Question

what score on the wechsler adult intelligence scale would an individualaged 20 to 34 have to earn to qualify for mensa membership?round your answer to 2 decimal places.

Answer 1

To qualify for Mensa, an individual must have an IQ in the top 2 percent of the population, which translates to an IQ score of 130 or above on the Wechsler Adult Intelligence Scale, using the average score of 100 and standard deviation of 15.

Step-by-step explanation:

Mensa membership

requires an individual to have an IQ in the top 2 percent of the population. On most IQ tests, the average IQ score is set at 100 with a standard deviation of 15 points. Therefore, to be in the top 2 percent, an individual would have to score significantly above the average.

Given a normal distribution, the top 2 percent of scores would roughly start at or above a

z-score

of 2, which equates to an IQ score of about 130 when using the average IQ score and standard deviation (100 + 2*15 = 130).

However, it is critical to confirm with Mensa the specific requirements and the exact version of the IQ test they accept, as scoring may vary between different tests.

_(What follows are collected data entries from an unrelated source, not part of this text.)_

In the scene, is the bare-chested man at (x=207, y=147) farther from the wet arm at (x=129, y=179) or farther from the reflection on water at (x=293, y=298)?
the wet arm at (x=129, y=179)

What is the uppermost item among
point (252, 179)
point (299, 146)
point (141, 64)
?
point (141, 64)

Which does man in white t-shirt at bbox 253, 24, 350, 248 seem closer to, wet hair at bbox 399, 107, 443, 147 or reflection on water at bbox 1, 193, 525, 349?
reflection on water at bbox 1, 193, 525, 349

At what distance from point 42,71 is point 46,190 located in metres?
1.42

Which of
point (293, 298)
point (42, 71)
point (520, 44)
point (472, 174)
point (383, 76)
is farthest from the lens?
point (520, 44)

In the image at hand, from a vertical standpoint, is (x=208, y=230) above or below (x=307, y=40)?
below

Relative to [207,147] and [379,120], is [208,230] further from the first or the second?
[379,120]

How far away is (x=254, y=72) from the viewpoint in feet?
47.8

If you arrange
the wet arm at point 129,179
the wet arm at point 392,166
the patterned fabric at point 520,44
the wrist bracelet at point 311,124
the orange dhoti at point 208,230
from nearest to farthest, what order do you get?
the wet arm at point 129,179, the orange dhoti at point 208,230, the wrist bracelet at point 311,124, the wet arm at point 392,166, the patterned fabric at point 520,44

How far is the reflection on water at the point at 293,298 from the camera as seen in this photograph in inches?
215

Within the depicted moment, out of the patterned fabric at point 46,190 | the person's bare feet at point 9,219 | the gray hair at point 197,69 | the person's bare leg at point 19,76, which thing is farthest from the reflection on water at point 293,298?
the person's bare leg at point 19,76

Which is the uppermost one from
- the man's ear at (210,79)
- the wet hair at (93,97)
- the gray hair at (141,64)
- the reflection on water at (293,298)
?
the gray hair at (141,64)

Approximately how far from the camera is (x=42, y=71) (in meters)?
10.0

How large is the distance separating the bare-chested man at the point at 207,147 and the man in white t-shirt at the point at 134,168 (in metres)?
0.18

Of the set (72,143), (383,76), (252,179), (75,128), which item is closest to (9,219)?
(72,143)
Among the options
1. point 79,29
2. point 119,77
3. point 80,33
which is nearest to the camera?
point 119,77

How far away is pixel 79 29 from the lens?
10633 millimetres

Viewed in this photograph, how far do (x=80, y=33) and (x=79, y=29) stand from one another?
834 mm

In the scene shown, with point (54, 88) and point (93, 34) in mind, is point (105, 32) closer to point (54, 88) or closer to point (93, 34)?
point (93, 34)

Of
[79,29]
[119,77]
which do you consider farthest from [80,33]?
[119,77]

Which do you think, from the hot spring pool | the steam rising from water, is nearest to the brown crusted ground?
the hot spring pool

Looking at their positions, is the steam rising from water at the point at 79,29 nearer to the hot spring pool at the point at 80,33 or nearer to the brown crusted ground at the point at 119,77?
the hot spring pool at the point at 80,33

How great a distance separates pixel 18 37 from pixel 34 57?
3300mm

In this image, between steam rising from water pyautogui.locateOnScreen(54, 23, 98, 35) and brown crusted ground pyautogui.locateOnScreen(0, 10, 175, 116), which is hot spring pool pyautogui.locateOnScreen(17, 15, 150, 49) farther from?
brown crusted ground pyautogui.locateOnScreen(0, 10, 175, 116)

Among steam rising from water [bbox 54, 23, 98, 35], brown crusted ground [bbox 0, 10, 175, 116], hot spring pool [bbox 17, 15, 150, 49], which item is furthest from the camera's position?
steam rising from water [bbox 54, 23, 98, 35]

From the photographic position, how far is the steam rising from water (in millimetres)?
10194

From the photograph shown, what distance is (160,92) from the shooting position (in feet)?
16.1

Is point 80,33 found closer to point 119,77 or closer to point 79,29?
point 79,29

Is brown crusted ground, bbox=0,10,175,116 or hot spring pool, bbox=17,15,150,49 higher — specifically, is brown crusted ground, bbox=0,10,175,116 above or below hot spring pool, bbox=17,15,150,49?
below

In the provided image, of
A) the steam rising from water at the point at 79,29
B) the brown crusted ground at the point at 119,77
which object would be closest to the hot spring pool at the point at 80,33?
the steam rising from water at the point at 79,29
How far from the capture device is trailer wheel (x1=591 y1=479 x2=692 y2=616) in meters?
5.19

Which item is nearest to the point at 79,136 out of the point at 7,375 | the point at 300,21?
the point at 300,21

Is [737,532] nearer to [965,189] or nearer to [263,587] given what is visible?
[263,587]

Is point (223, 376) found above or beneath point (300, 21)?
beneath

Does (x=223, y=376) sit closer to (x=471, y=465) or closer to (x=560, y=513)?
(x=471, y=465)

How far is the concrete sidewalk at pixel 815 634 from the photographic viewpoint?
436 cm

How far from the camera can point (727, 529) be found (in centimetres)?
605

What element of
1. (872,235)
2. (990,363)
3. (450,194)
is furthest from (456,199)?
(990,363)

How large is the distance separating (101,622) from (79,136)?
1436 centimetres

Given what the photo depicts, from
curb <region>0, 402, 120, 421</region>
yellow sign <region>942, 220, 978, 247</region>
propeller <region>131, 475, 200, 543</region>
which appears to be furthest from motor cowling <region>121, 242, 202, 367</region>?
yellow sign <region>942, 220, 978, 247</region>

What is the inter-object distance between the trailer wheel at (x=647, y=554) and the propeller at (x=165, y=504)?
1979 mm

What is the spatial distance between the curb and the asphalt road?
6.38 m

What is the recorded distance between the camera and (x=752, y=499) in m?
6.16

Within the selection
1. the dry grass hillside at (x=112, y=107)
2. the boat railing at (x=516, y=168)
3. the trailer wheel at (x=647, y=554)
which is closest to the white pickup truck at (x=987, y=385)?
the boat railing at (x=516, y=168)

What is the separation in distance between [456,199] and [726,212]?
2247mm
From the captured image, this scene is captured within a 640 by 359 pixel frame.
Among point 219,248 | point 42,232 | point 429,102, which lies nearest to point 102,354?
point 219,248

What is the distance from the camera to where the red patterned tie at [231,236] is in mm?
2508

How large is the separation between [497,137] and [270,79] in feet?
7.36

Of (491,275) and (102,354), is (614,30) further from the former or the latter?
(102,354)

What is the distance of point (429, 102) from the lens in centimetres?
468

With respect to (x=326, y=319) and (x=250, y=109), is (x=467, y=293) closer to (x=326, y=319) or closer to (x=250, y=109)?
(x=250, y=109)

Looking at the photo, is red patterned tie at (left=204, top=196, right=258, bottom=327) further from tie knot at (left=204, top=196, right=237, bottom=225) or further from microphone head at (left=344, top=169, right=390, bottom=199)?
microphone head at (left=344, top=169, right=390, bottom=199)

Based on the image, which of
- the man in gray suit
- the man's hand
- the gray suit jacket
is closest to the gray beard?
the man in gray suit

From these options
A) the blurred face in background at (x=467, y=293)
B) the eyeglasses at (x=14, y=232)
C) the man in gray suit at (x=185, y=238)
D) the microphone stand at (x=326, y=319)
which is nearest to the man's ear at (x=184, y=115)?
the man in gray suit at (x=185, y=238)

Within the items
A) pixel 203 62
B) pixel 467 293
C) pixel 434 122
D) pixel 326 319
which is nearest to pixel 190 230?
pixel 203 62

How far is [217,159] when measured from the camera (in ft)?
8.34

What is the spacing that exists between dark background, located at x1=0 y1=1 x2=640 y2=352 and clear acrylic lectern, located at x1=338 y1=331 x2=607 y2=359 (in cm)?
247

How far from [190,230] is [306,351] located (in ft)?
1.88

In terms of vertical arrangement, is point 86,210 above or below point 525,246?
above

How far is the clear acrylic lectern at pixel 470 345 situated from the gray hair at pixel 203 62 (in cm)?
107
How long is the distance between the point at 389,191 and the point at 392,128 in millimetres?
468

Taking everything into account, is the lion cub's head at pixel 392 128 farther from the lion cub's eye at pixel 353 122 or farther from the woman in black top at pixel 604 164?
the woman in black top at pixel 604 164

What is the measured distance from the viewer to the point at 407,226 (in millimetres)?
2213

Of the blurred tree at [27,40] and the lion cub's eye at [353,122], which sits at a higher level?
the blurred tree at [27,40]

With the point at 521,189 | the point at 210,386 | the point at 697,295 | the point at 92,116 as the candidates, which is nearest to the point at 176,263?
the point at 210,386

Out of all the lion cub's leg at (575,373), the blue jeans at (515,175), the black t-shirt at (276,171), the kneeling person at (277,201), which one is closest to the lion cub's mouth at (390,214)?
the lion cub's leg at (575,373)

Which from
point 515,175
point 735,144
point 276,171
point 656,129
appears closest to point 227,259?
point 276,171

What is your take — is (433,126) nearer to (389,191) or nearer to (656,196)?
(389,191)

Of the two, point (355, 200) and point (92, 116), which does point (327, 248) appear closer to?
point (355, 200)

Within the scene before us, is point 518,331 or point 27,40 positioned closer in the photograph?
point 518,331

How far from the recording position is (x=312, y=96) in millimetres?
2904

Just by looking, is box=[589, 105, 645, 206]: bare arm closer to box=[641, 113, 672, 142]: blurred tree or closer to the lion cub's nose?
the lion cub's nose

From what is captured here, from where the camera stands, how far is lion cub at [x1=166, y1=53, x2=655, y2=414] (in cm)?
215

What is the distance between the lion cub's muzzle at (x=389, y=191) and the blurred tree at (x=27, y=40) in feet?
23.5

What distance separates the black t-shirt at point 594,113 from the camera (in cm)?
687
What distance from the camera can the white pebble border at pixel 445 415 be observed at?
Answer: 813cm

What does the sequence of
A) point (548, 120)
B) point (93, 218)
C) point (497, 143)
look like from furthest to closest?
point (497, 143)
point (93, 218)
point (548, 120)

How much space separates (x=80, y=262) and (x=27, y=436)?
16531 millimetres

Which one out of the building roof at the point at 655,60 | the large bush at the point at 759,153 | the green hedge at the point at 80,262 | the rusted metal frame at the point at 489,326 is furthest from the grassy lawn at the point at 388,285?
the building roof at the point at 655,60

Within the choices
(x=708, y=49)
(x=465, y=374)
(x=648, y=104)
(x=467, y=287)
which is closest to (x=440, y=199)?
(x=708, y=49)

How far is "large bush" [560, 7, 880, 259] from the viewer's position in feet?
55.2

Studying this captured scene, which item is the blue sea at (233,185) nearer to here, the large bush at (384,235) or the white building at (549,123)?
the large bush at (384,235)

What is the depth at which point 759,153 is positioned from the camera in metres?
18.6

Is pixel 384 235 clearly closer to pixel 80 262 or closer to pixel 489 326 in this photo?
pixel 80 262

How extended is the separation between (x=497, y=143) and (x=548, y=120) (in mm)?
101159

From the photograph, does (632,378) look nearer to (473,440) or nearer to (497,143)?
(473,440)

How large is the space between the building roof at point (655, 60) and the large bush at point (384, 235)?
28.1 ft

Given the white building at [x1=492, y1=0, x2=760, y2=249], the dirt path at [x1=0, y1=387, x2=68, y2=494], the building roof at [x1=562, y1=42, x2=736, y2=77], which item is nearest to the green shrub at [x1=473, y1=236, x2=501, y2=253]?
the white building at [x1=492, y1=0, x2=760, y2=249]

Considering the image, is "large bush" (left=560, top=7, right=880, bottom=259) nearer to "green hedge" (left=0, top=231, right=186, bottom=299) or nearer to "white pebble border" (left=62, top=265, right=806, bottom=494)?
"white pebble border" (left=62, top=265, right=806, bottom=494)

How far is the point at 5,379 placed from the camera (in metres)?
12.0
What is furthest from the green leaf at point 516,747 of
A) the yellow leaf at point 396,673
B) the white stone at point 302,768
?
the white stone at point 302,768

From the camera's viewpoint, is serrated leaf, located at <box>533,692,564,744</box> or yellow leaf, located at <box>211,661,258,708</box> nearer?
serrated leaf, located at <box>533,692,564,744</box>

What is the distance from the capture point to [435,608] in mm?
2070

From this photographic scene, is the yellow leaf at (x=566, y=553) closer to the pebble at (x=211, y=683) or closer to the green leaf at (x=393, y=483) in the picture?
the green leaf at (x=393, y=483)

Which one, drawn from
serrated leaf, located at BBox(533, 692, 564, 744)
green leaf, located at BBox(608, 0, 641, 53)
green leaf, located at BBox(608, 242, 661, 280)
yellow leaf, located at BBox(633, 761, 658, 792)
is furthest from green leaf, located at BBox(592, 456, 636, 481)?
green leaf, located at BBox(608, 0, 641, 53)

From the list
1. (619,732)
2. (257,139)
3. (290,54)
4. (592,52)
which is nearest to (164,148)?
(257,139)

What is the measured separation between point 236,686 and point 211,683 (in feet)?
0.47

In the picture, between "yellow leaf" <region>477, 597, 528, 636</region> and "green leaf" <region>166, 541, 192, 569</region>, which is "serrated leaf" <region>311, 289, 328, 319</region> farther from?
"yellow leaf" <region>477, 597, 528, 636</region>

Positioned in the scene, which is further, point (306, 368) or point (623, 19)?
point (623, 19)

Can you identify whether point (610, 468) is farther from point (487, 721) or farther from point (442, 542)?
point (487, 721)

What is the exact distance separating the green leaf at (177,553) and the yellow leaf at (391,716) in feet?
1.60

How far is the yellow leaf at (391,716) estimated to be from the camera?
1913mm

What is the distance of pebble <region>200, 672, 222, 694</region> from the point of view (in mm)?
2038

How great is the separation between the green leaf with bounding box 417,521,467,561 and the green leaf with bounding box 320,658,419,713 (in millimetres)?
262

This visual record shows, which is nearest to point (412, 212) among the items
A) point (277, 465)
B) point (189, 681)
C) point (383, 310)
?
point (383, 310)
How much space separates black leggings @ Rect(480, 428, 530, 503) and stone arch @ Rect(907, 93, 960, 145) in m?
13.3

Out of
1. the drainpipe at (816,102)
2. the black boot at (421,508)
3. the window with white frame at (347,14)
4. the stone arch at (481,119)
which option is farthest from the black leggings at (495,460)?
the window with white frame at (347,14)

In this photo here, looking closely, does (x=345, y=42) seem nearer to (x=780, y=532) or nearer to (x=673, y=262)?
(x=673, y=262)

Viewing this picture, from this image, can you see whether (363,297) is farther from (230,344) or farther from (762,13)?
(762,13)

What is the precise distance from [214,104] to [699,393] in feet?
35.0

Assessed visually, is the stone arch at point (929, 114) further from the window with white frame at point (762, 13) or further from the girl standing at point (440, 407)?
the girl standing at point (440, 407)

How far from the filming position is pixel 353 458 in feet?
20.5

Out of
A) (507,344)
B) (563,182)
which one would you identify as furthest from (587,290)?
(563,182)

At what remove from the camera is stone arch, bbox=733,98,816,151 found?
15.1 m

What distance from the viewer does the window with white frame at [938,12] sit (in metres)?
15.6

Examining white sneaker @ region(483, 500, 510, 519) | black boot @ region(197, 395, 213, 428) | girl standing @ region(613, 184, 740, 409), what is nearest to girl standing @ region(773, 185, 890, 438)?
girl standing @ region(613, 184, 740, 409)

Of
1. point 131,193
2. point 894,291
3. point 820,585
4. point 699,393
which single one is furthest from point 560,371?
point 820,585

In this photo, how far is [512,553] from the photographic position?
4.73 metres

Additionally, Mensa may also accept scores from other approved intelligence tests as part of their membership criteria.

Answer 2

To qualify for Mensa membership, an individual aged 20 to 34 would need to earn a score of 149.1 or higher on the Wechsler Adult Intelligence Scale.

Step-by-step explanation:

Mensa is an organization that requires its members to have an IQ score in the top 2% of the population. To determine the minimum IQ score needed to qualify for Mensa membership, we need to find the threshold value at the 98th percentile of the IQ distribution. Given that a typical adult has an average IQ score of 105 with a standard deviation of 20, we can use the z-score formula to calculate the threshold value:

Z = (X - µ) / σ

Where X is the score we want to find, µ is the mean, and σ is the standard deviation. Rearranging the formula to solve for X, we have:

X = Z * σ + µ

Since this question is asking for the score to two decimal places, we would need to use a standard normal distribution table or a calculator to find the z-score that corresponds to the 98th percentile, which is approximately 2.05. Plugging in the values, we get:

X = 2.05 * 20 + 105 = 149.1

Therefore, an individual aged 20 to 34 would need to earn a score of 149.1 or higher on the Wechsler Adult Intelligence Scale to qualify for Mensa membership.